Carissimi,
Sapete come accade spesso quando in un contesto circoscritto ci si trova a perdere tempo nell’attesa di qualcosa e si sente la necessità di parlare con qualcuno, anche con lo sconosciuto che è seduto accanto a voi, pur di avere qualcuno che ascolti i nostri pensieri a voce alta.
È capitato anche a me e pur di non parlare da solo, non sono pazzo, odiando il telefonino, ho iniziato a parlare seduto in quella panca mentre accanto a me, con la sua bocca stretta a salvadanaio, il mio vicino mi guardava e “tistiava”, trovando ogni tanto il coraggio di aprir bocca per dirmi… A virità!

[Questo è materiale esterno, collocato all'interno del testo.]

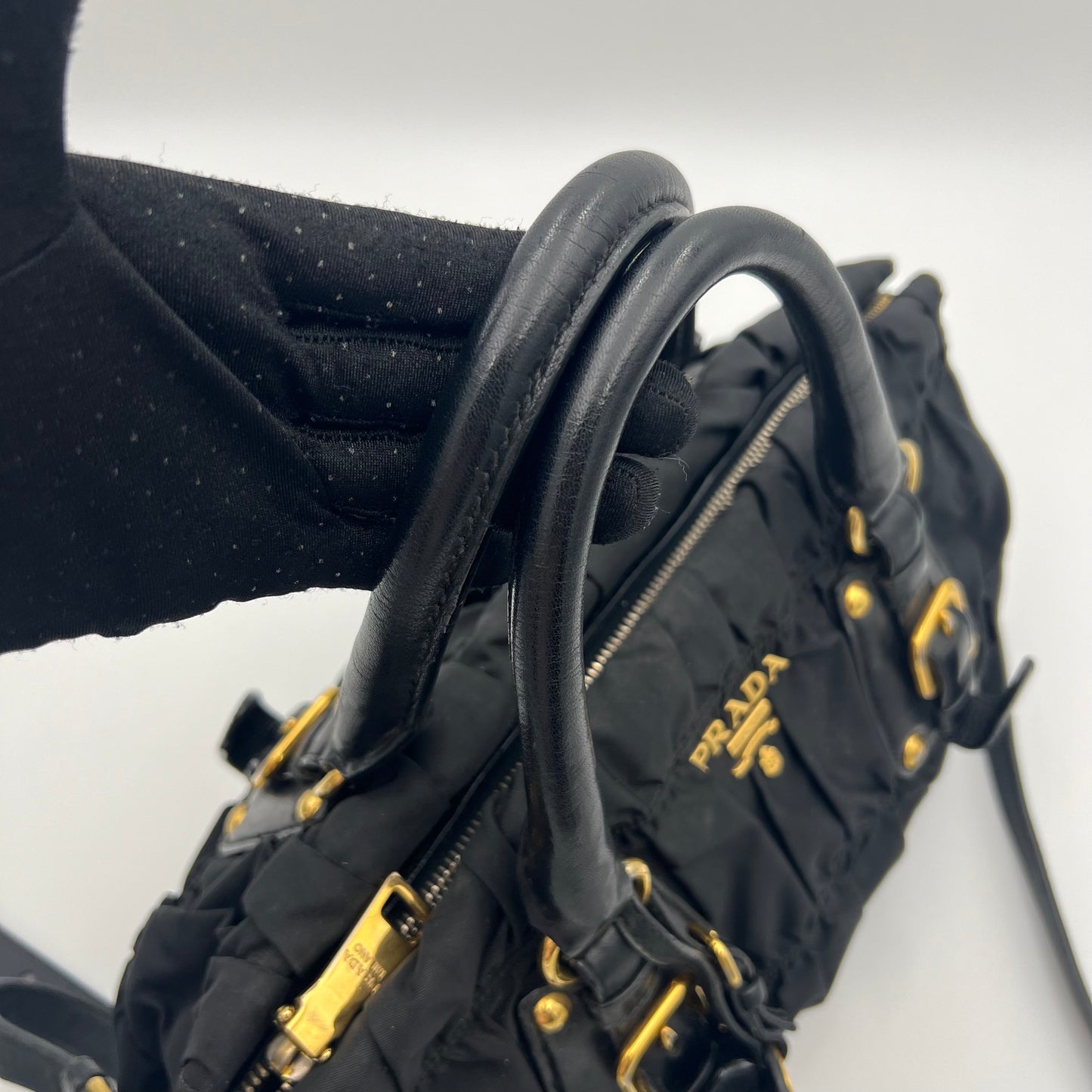 Prada Black Tessuto and Leather Long Strap Shoulder Bag
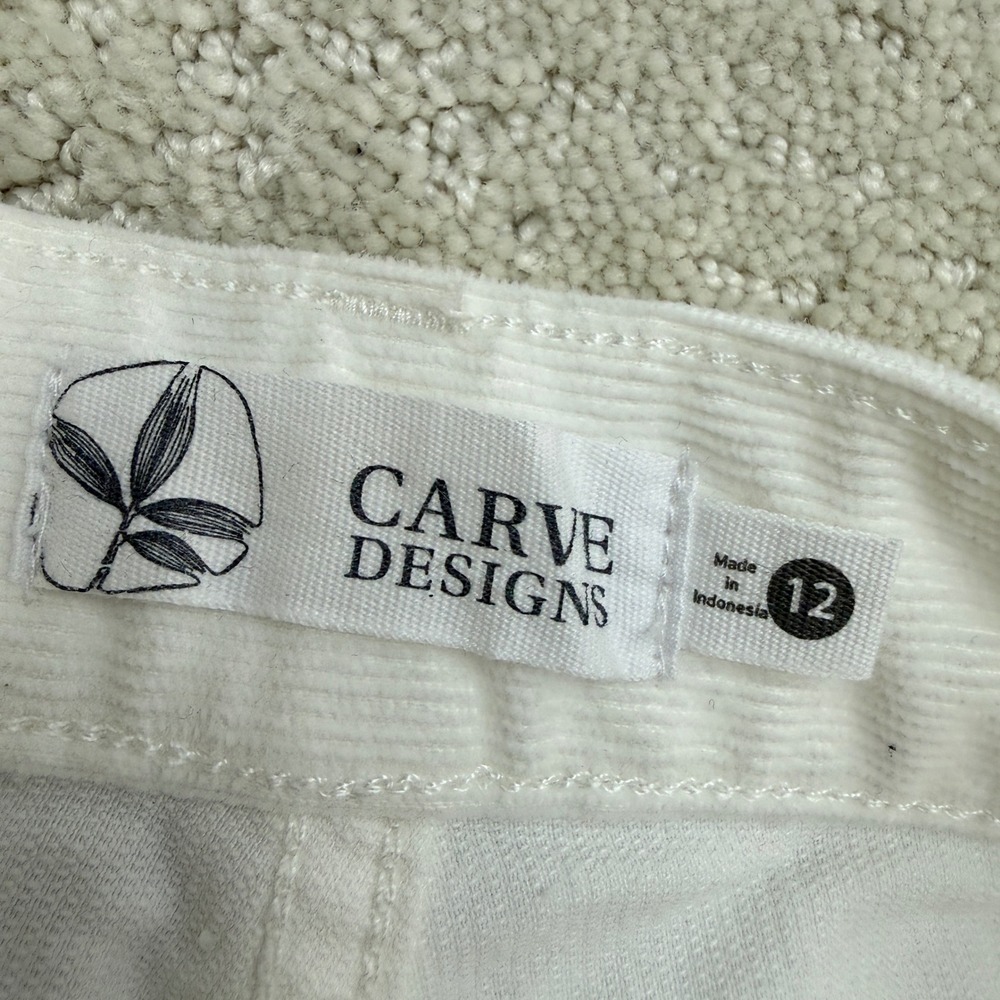 Carve Designs Oahu Shorts Womens 12 White Corduroy Raw Hem Stretch 11468 - Picture 8 of 13
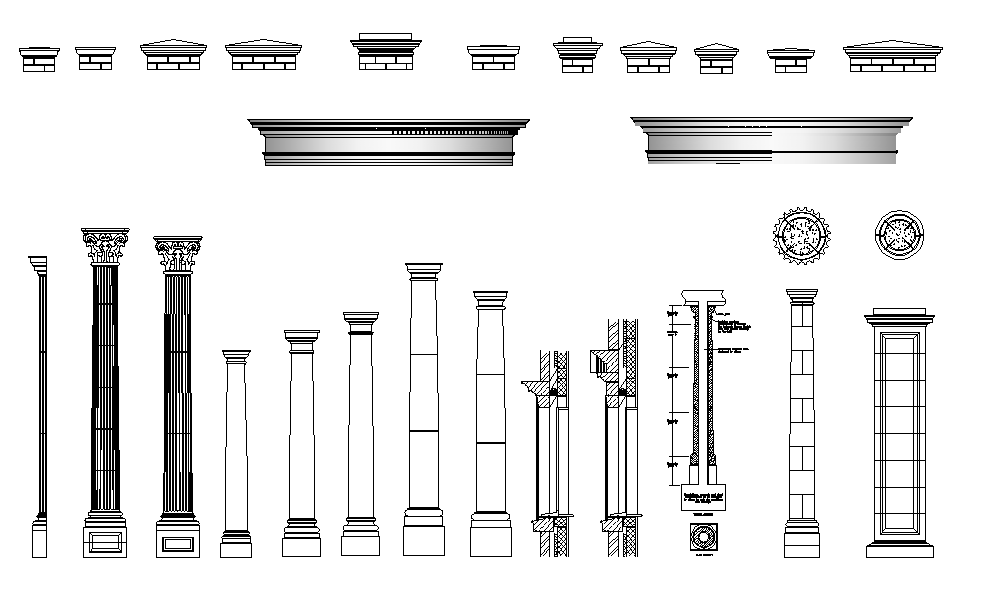 Architectural and pillar details - Cadbull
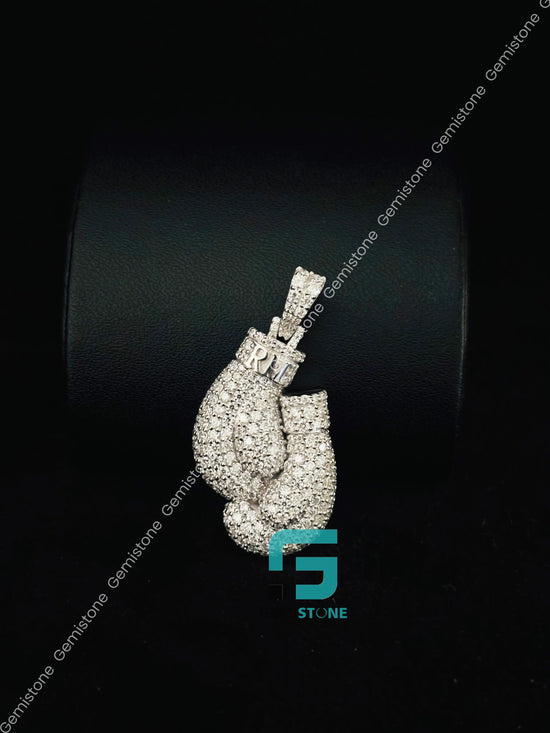 925 Silver Boxing Gloves Moissanite Pendant For Men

Mi sentivo un opinionista e avrei voluto che quel momento non terminasse mai perché ne avevo di cose da dire, ce ne erano cose che secondo me non funzionavano, eppure guardavo il mio uditore, (avvolto da quel suo vecchio cappotto, le scarpe grandi e usurate, una faccia con la barba dura non fatta da almeno un paio di giorni, i suoi capelli scuri, spettinati e chi sa quanti pensieri per la testa di bollette scadute, di figli irrealizzati, di matrimoni andati a male e di tanta, tanta precarietà), ogni tanto stringere quelle sue labbra sottili, voltare lo sguardo verso di me spalancando gli occhi, sollevando le spalle e ripetere… A virità!